SITUATIONAL ETHICS RULES THE DAY!

Weekly Opinion Editorial
RELATIVISM IS POPULAR!
by Steve Fair

     Situational ethics takes into account the context of an act rather than judging the act based on absolute moral standards.  It has been around since the Garden of Eden when the serpent told Eve that God didn’t really mean for her to not eat of the forbidden fruit.  

     Joseph Fletcher, a Harvard professor of theology, is credited with coining the phrase- situational ethics- when he wrote his 1966 book by the same title.  Fletcher was an avowed humanist, a onetime ordained Episcopal priest and later in life an atheist.   "We ought to love people and use things; the essence of immorality is to love things and use people," Fletcher said.  A passionate advocate for abortion, infanticide, eugenics, cloning and euthanasia, Fletcher claimed situational ethics was based on ‘love thy neighbor,’ taught by Jesus.  He said all decision-making should be based on circumstances of a situation and not upon a fixed truth or law.  In Fletcher’s world, so long as love was the motive, then the end justified the means. 

     There are two fundamental categories of situational ethicists.
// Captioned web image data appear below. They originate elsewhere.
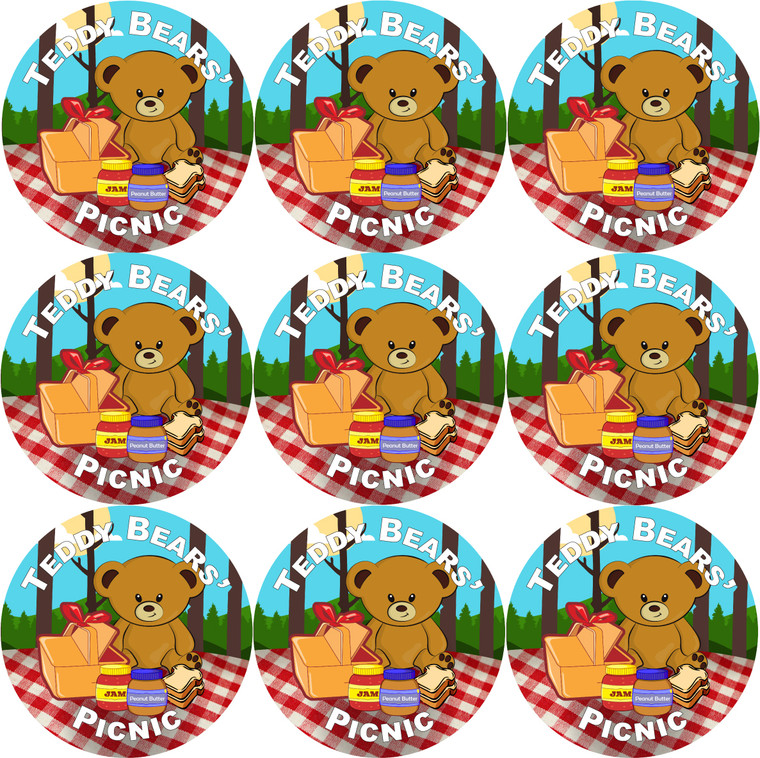 Sticker Stocker - 144 Teddy Bears' Picnic 30mm Stickers for School Teachers, Parents and Nursery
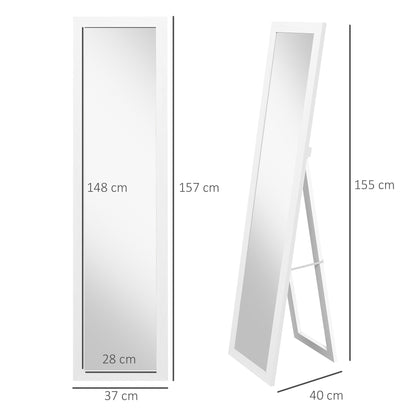 Homcom mirror with MDF frame with feet and hooks for wall use or wall, 37x40x155 cm - Borgè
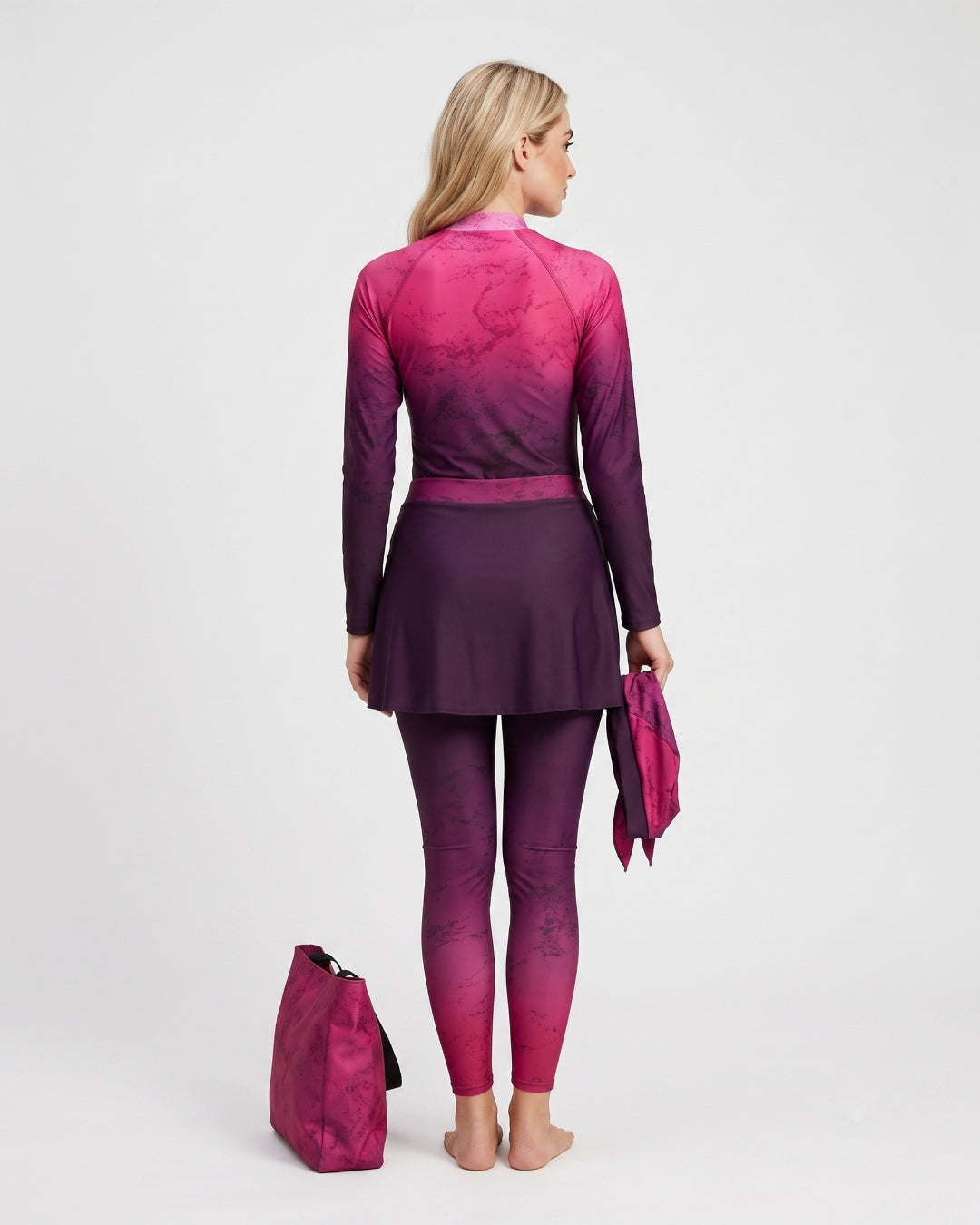 Modest Burqini Set with Matching Bag, Soft Fuchsia Gradient, B005-FUSHIA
There is the atheist, those who totally reject the Scriptures as having any bearing on morality, and the religious, those who actually believe the Bible endorses situational ethics. 

     Situational ethics is practiced by every human being in varying degrees.   Everyone makes pragmatic choices or decisions of relative judgment in areas where truth is not completely clear to them at that time.  The problem is when they abandon truth for expediency.  When a person knows their actions are not right, but their circumstances or situation will be enhanced if they ignore the absolutes.  When they willingly violate their own convictions and conscience to further a goal, they are practicing situational ethics.  It is never right to do wrong.

     In politics, both Parties are experts in the practice of situational ethics.  Both are boringly predictable on their response to each other’s policies and personnel (Fox & MSNBC).  They generically criticize the other side, just because they are the other side.  Rarely is absolute truth considered, and love is never the motive.  So called principled people, on both sides, check their ethics at the door and support immoral, unprincipled people for office because they will further a political agenda.  Policy has become more important than principle. 

     A recent poll by the Public Religion Research Institute (PRRI), a liberal polling group, asked the ‘leading’ question: “Do you think an elected official who commits an immoral act in their private life can still behave ethically and fulfill their duties in their public and professional life?”  The poll found 61% of Democrats and 70% of Republicans believe an elected official can be two-faced and still be ethical. Pragmatism/relativism is on the rise. 

     The logical end of situational ethics is anarchy; people doing what is right in their own eyes.  The Bible warns about that very thing.  Abraham Lincoln once said, "My concern is not whether God is on our side; my greatest concern is to be on God's side."  Sad to say, but not many want to be on God’s side these days because you might lose the election.